Records shown: Begin

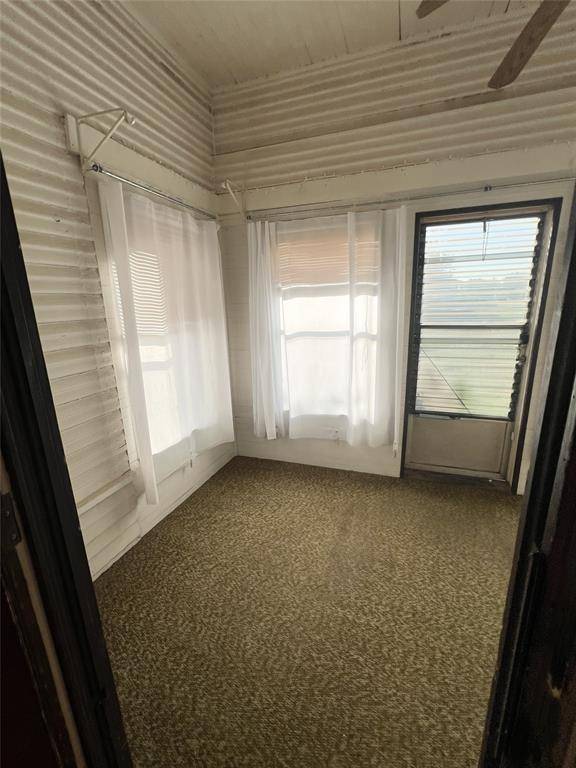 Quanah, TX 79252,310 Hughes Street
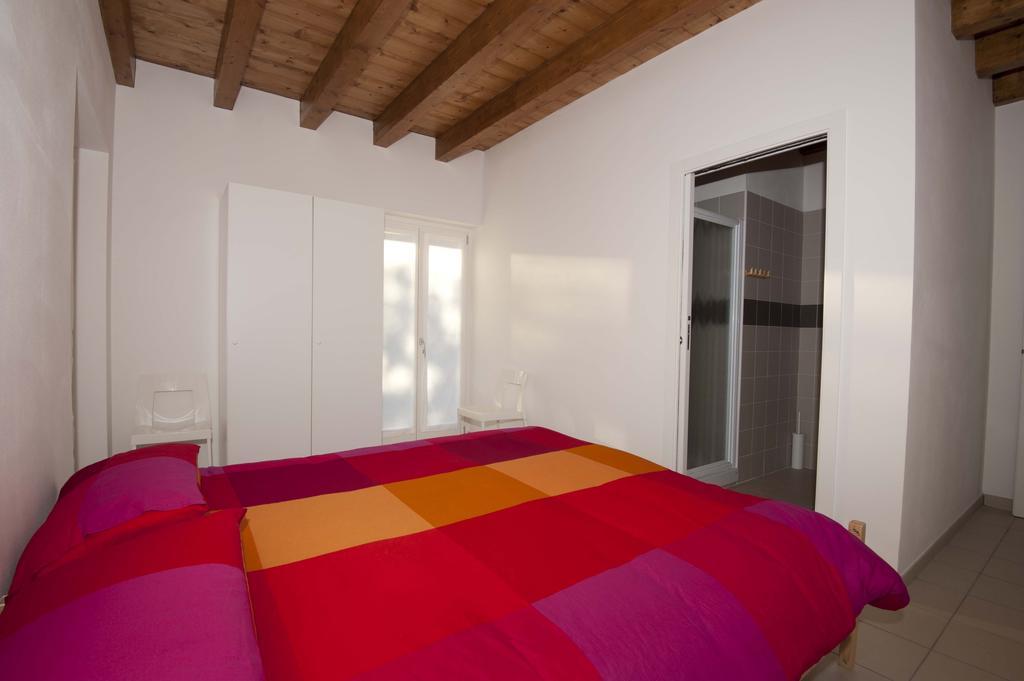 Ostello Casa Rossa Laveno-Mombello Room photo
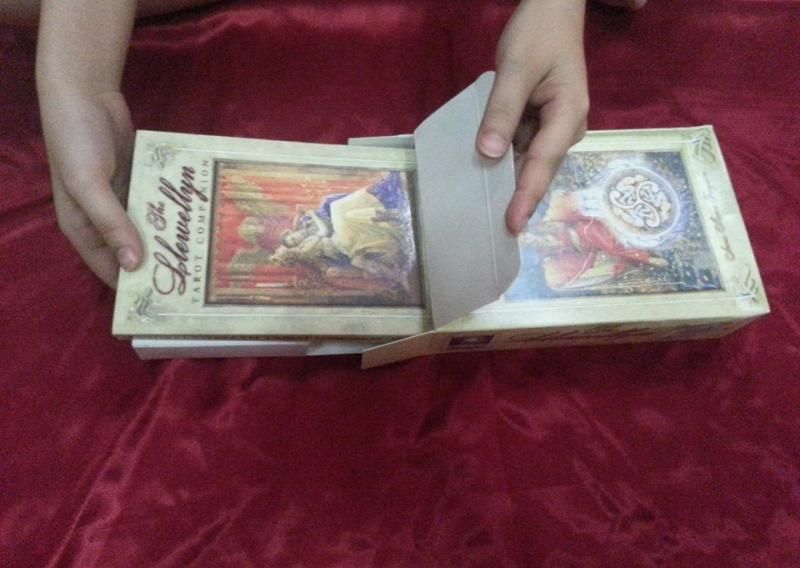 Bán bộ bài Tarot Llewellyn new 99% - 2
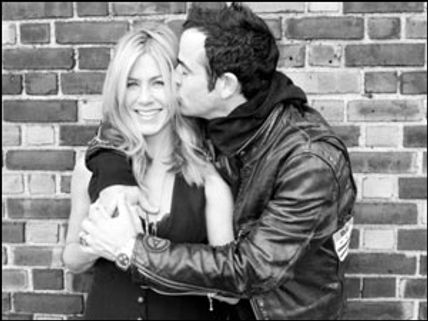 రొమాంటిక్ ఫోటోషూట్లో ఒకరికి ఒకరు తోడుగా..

Records shown: End
Records shown: Begin

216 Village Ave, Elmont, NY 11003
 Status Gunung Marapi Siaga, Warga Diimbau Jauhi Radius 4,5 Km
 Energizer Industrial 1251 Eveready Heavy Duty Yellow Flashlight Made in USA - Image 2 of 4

Records shown: End
Records shown: Begin

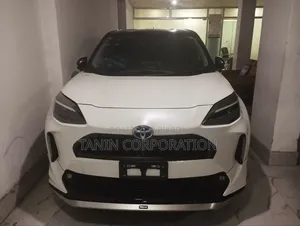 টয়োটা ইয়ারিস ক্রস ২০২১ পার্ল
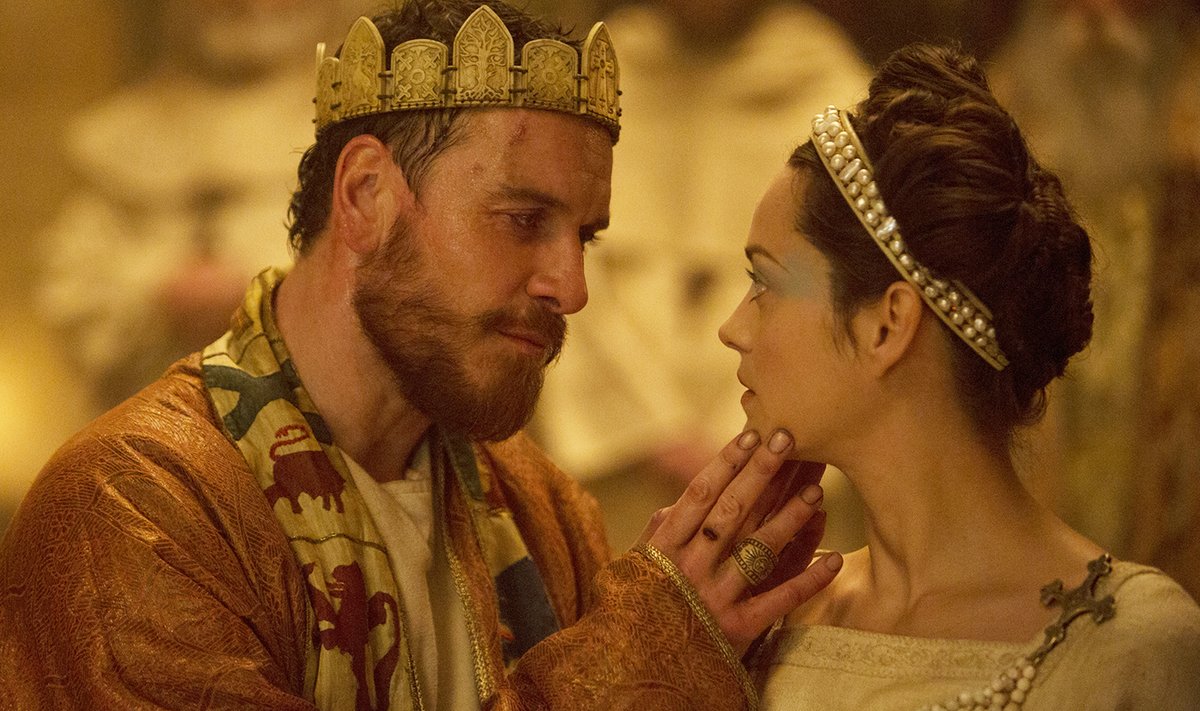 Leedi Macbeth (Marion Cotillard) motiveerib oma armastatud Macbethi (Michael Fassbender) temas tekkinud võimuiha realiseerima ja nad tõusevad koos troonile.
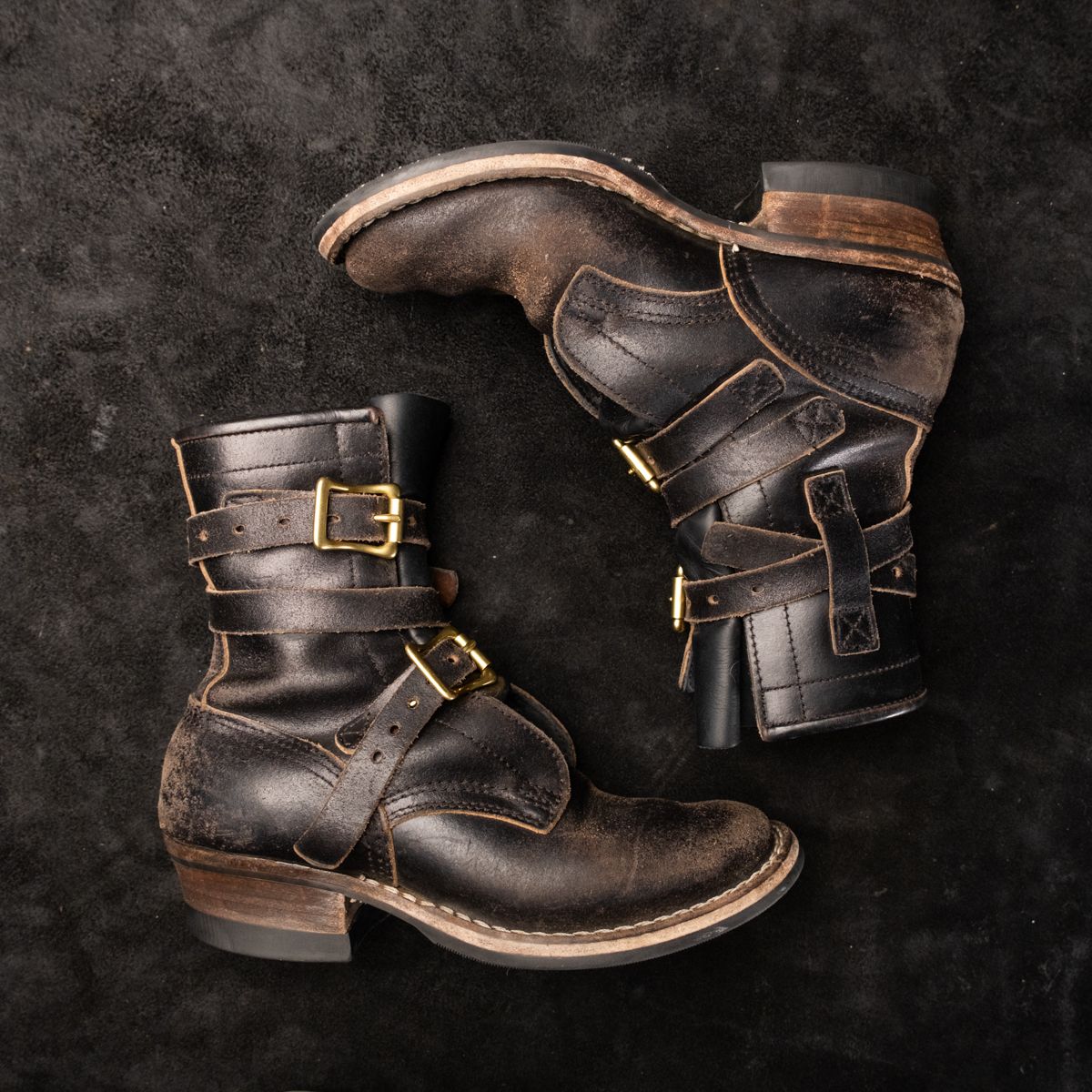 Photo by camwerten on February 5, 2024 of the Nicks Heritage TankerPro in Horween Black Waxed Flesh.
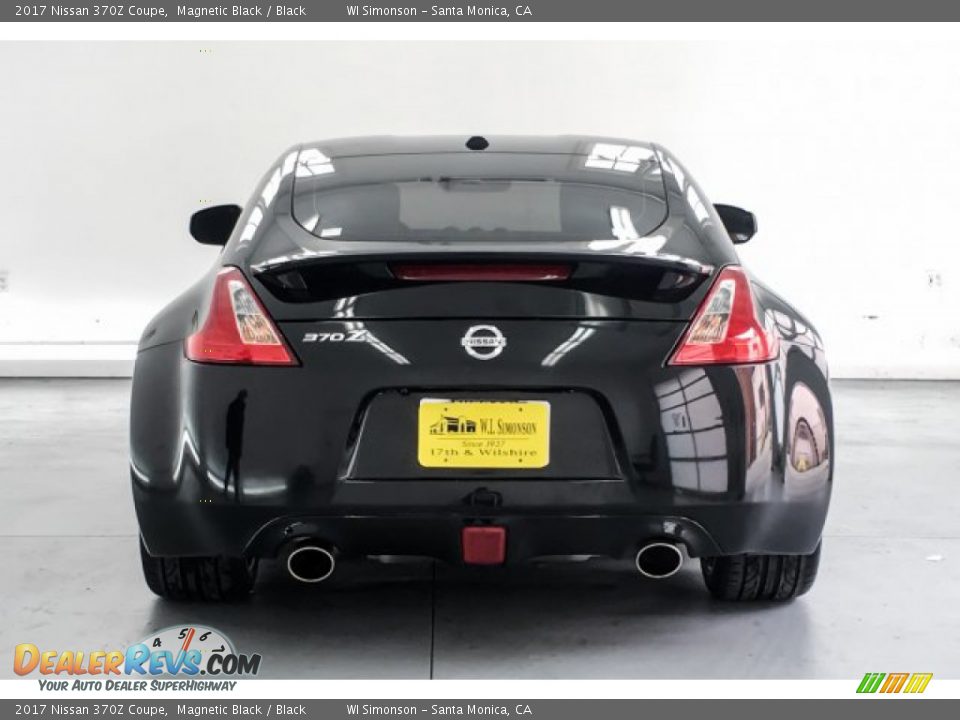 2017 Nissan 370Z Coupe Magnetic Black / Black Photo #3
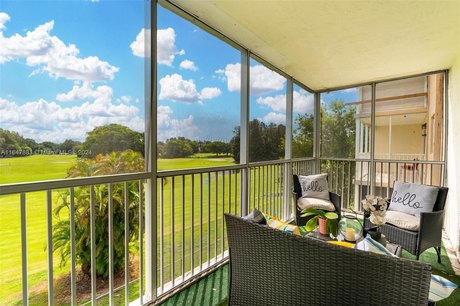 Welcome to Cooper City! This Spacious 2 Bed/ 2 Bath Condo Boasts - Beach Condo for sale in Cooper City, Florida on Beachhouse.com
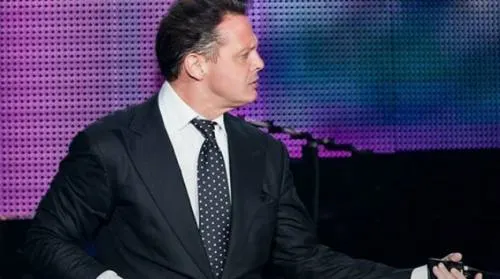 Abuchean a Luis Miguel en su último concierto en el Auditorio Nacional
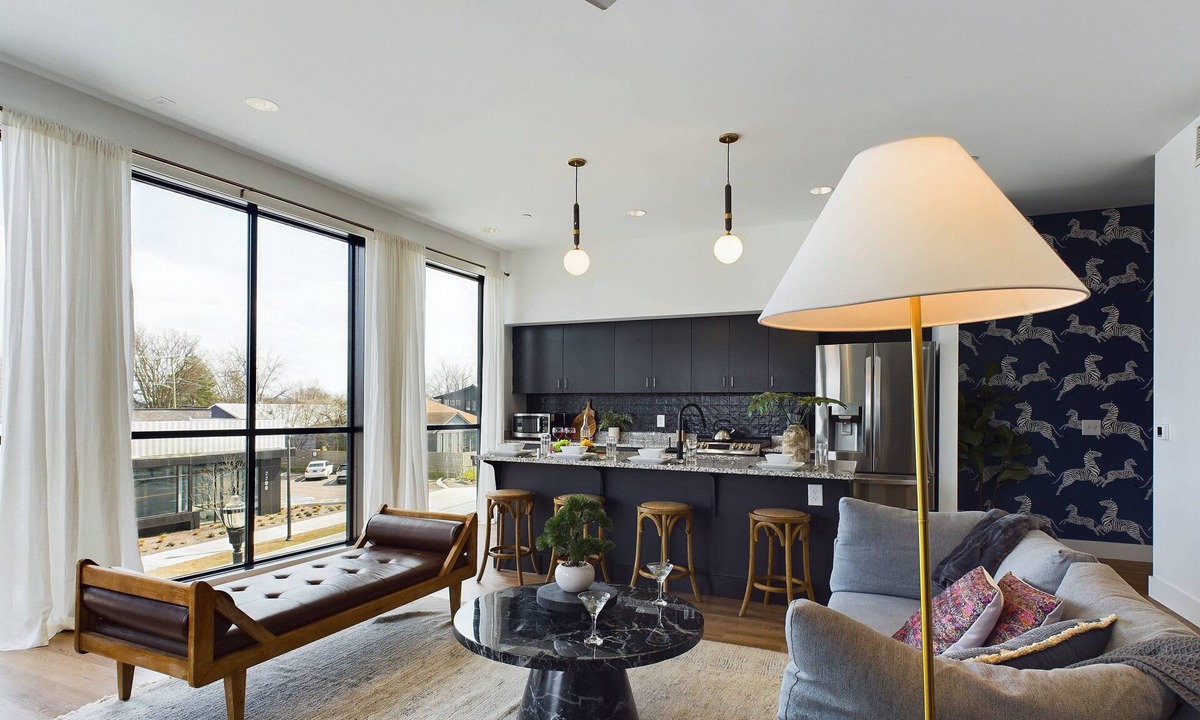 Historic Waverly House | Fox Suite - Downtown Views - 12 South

Records shown: End

What the exercise asks:
Look above for the line with "Quanah, TX 79252,310 Hughes Street" and the line with "రొమాంటిక్ ఫోటోషూట్లో ఒకరికి ఒకరు తోడుగా..". Give again exactly those two lines and all lines between them, pictures excluded.

Written solution:
 Quanah, TX 79252,310 Hughes Street
 Ostello Casa Rossa Laveno-Mombello Room photo
 Bán bộ bài Tarot Llewellyn new 99% - 2
 రొమాంటిక్ ఫోటోషూట్లో ఒకరికి ఒకరు తోడుగా..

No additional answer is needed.